Give every line below again, exactly.

---+---

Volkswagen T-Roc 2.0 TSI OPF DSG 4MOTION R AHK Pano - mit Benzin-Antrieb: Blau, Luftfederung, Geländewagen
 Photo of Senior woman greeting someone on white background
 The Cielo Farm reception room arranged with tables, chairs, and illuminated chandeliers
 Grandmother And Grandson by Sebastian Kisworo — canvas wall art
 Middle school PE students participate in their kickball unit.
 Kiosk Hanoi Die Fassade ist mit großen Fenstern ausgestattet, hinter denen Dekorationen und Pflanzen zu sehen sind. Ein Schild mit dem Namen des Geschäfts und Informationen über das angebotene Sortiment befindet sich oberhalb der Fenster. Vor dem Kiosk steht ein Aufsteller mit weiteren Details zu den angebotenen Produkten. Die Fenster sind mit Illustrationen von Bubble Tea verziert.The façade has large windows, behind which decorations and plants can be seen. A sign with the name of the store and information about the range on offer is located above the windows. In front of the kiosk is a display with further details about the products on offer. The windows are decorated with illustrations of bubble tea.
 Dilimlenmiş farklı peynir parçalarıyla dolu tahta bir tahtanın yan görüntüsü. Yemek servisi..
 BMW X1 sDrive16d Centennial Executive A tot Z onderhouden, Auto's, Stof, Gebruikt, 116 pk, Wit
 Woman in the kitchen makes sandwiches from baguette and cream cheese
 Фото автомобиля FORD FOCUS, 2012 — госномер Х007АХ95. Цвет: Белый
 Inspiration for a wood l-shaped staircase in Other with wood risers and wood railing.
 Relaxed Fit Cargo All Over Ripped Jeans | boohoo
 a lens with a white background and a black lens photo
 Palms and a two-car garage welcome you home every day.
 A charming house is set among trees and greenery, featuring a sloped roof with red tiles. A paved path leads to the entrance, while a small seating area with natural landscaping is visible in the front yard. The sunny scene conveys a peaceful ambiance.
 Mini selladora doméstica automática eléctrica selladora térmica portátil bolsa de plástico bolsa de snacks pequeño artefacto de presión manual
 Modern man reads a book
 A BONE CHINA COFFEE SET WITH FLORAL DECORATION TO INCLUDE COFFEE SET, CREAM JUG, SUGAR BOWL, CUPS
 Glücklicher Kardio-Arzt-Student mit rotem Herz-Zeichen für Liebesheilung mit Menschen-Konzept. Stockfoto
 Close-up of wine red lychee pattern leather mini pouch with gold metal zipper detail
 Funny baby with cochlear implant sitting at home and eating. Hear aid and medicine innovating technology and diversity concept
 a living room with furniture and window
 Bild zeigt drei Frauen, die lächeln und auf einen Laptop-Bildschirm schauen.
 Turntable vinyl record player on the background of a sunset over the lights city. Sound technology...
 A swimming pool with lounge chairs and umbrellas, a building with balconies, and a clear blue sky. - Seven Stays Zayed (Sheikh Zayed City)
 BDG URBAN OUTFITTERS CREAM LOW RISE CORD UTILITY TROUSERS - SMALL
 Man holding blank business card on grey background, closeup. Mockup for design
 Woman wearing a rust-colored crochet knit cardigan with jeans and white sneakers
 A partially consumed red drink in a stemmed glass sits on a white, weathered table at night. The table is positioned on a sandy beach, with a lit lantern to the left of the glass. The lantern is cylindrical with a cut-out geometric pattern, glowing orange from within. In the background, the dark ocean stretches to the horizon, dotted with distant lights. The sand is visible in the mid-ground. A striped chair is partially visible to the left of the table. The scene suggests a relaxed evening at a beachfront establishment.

---+---

● **Completed task**
Volkswagen T-Roc 2.0 TSI OPF DSG 4MOTION R AHK Pano - mit Benzin-Antrieb: Blau, Luftfederung, Geländewagen
 Photo of Senior woman greeting someone on white background
 The Cielo Farm reception room arranged with tables, chairs, and illuminated chandeliers
 Grandmother And Grandson by Sebastian Kisworo — canvas wall art
 Middle school PE students participate in their kickball unit.
 Kiosk Hanoi Die Fassade ist mit großen Fenstern ausgestattet, hinter denen Dekorationen und Pflanzen zu sehen sind. Ein Schild mit dem Namen des Geschäfts und Informationen über das angebotene Sortiment befindet sich oberhalb der Fenster. Vor dem Kiosk steht ein Aufsteller mit weiteren Details zu den angebotenen Produkten. Die Fenster sind mit Illustrationen von Bubble Tea verziert.The façade has large windows, behind which decorations and plants can be seen. A sign with the name of the store and information about the range on offer is located above the windows. In front of the kiosk is a display with further details about the products on offer. The windows are decorated with illustrations of bubble tea.
 Dilimlenmiş farklı peynir parçalarıyla dolu tahta bir tahtanın yan görüntüsü. Yemek servisi..
 BMW X1 sDrive16d Centennial Executive A tot Z onderhouden, Auto's, Stof, Gebruikt, 116 pk, Wit
 Woman in the kitchen makes sandwiches from baguette and cream cheese
 Фото автомобиля FORD FOCUS, 2012 — госномер Х007АХ95. Цвет: Белый
 Inspiration for a wood l-shaped staircase in Other with wood risers and wood railing.
 Relaxed Fit Cargo All Over Ripped Jeans | boohoo
 a lens with a white background and a black lens photo
 Palms and a two-car garage welcome you home every day.
 A charming house is set among trees and greenery, featuring a sloped roof with red tiles. A paved path leads to the entrance, while a small seating area with natural landscaping is visible in the front yard. The sunny scene conveys a peaceful ambiance.
 Mini selladora doméstica automática eléctrica selladora térmica portátil bolsa de plástico bolsa de snacks pequeño artefacto de presión manual
 Modern man reads a book
 A BONE CHINA COFFEE SET WITH FLORAL DECORATION TO INCLUDE COFFEE SET, CREAM JUG, SUGAR BOWL, CUPS
 Glücklicher Kardio-Arzt-Student mit rotem Herz-Zeichen für Liebesheilung mit Menschen-Konzept. Stockfoto
 Close-up of wine red lychee pattern leather mini pouch with gold metal zipper detail
 Funny baby with cochlear implant sitting at home and eating. Hear aid and medicine innovating technology and diversity concept
 a living room with furniture and window
 Bild zeigt drei Frauen, die lächeln und auf einen Laptop-Bildschirm schauen.
 Turntable vinyl record player on the background of a sunset over the lights city. Sound technology...
 A swimming pool with lounge chairs and umbrellas, a building with balconies, and a clear blue sky. - Seven Stays Zayed (Sheikh Zayed City)
 BDG URBAN OUTFITTERS CREAM LOW RISE CORD UTILITY TROUSERS - SMALL
 Man holding blank business card on grey background, closeup. Mockup for design
 Woman wearing a rust-colored crochet knit cardigan with jeans and white sneakers
 A partially consumed red drink in a stemmed glass sits on a white, weathered table at night. The table is positioned on a sandy beach, with a lit lantern to the left of the glass. The lantern is cylindrical with a cut-out geometric pattern, glowing orange from within. In the background, the dark ocean stretches to the horizon, dotted with distant lights. The sand is visible in the mid-ground. A striped chair is partially visible to the left of the table. The scene suggests a relaxed evening at a beachfront establishment.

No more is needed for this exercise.